Online Romanian Dictionary: dexonline.ro


----------



## TheCrociato91

Thanks a lot @farscape.

My college Romance Philology professor said "curechiu" with a final "u" but from your comment I gather he must have made a mistake.

[_Moderators note: Please see the newly created thread for this topic here._]


----------



## danielstan

_curechiu_ (cabbage - yes) /ku're-kyu/

_ureche _(ear) /uˈre-ke/

_a mânca _(to eat) /mɨnˈka/ (I'm particulary unsure as to the initial "a" - yes, Romanian_ î_ or _â_ are pronounced /ɨ/)

_frumos_ (beautiful) /fruˈmos/

_mai _(more) ?? /may/ (meaning "more", but also has other meanings: dexonline)

_brace_ (I was told that "brace" is not a very common word, possibly only regional or old-fashioned, to say "pants", "trousers", sharing the same origin as the Spanish _bragas_, the Northern Italian _braghe_ / _brache _and the French _braies_) ?? /bra-t͡ʃe/  - same pronunciation like in Italian ortography.
_
cămaşă_ (shirt) /kəˈma-ʃə/

_car_ (cart) ?? /kar/ (yes, "cart", but also has other meanings: dexonline)
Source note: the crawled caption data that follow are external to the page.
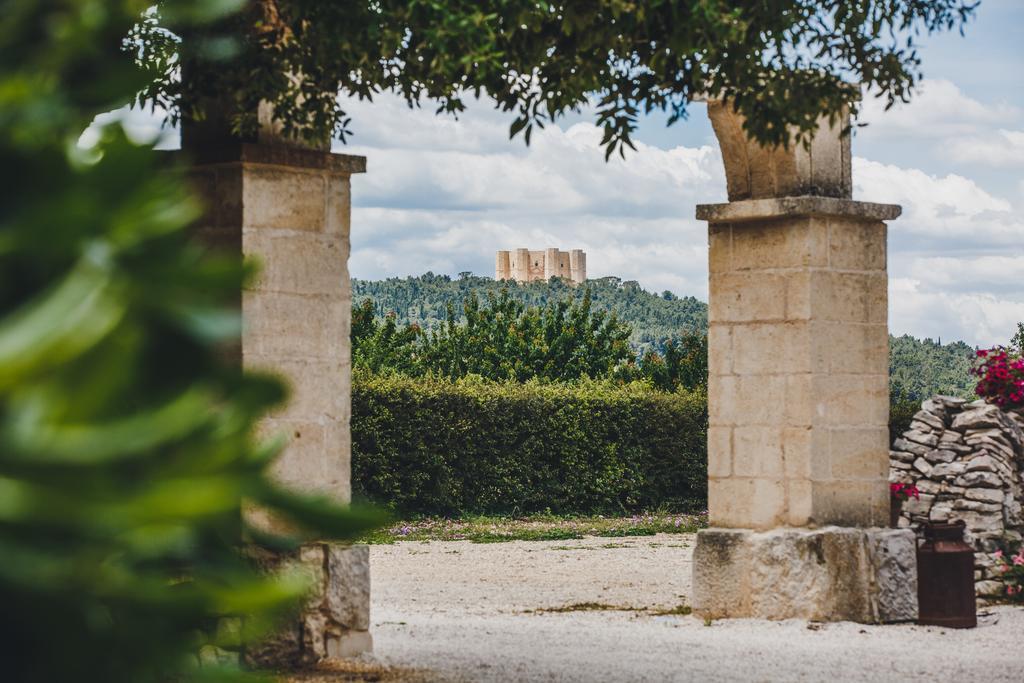 Villa Ai Pilieri Di Bagnoli Castel Del Monte  Exterior foto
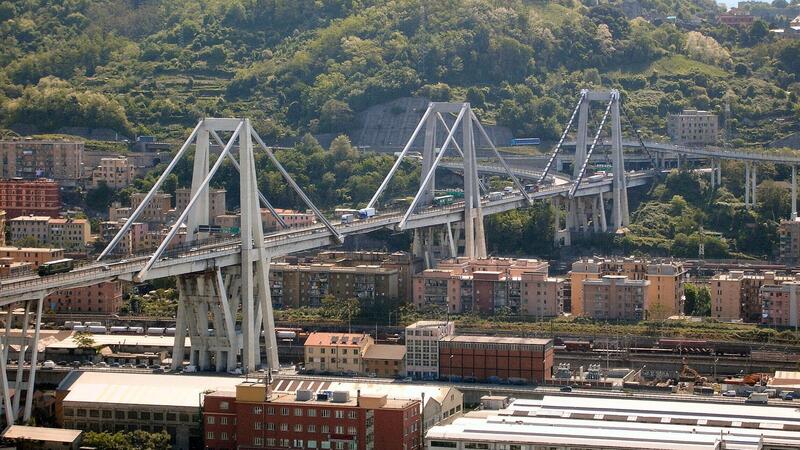 Ponte Morandi, il crollo 7 anni fa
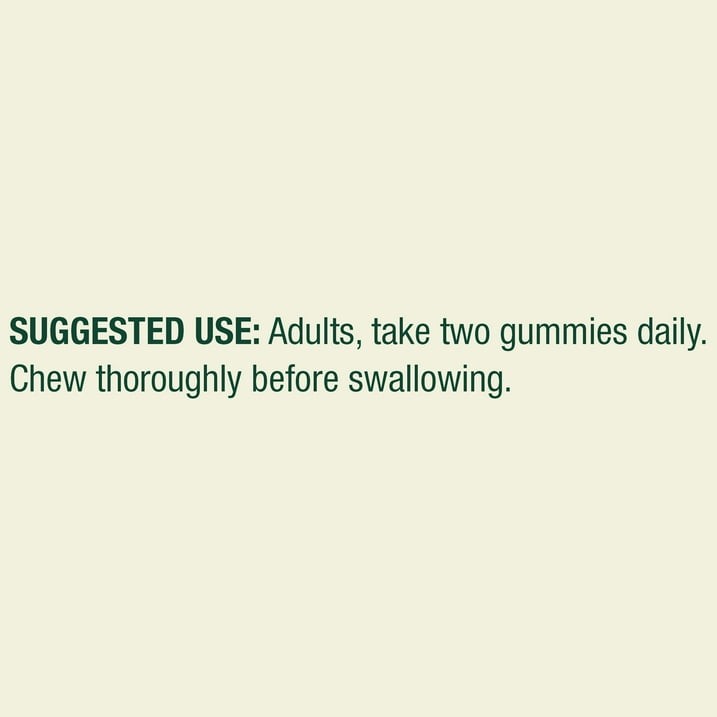 Spring Valley CoQ10 Adult Gummies, 200 mg, 60 Count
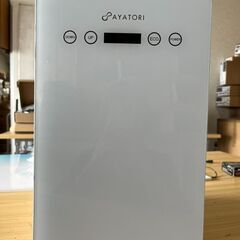 １台～　ジャンク品　冷温庫　１０L　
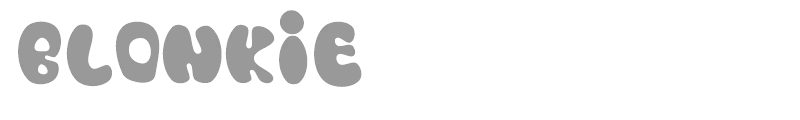 Blonkie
Online Romanian dictionary, which provides the stressed vowel in polysyllabic words:  dexonline

I noted with _y _the _yod _(_i_ sound as semi-vowel)


----------



## TheCrociato91

Thanks a lot for your answer.



danielstan said:


> _a mânca _(to eat) /mɨnˈka/ (I'm particulary unsure as to the initial "a" - yes, Romanian_ î_ or _â_ are pronounced /ɨ/)



Sorry, I explained myself poorly. By "initial a" I meant the "a" _before_ the actual verb, not the first "a" within the verb. How is that "a" pronounced?


----------



## farscape

TheCrociato91 said:


> Thanks a lot for your answer.
> 
> 
> 
> Sorry, I explained myself poorly. By "initial a" I meant the "a" _before_ the actual verb, not the first "a" within the verb. How is that "a" pronounced?



(see here the IPA phonetics for the Romanian language):
*"a*, _*a*pă_ -> roughly like f*a*ther"

This *a* is the equivalent  of *to* in *to do* when forming the infinitive in Romanian


----------



## TheCrociato91

Thank you again @farscape. Much appreciated.


Edit. Thanks for this too.


> [_Moderators note: Please see the newly created thread for this topic here._]


----------



## Zareza

curechi (regionalism) - cabbage

curechiu (regionalism) - greenish (like cabbage)


----------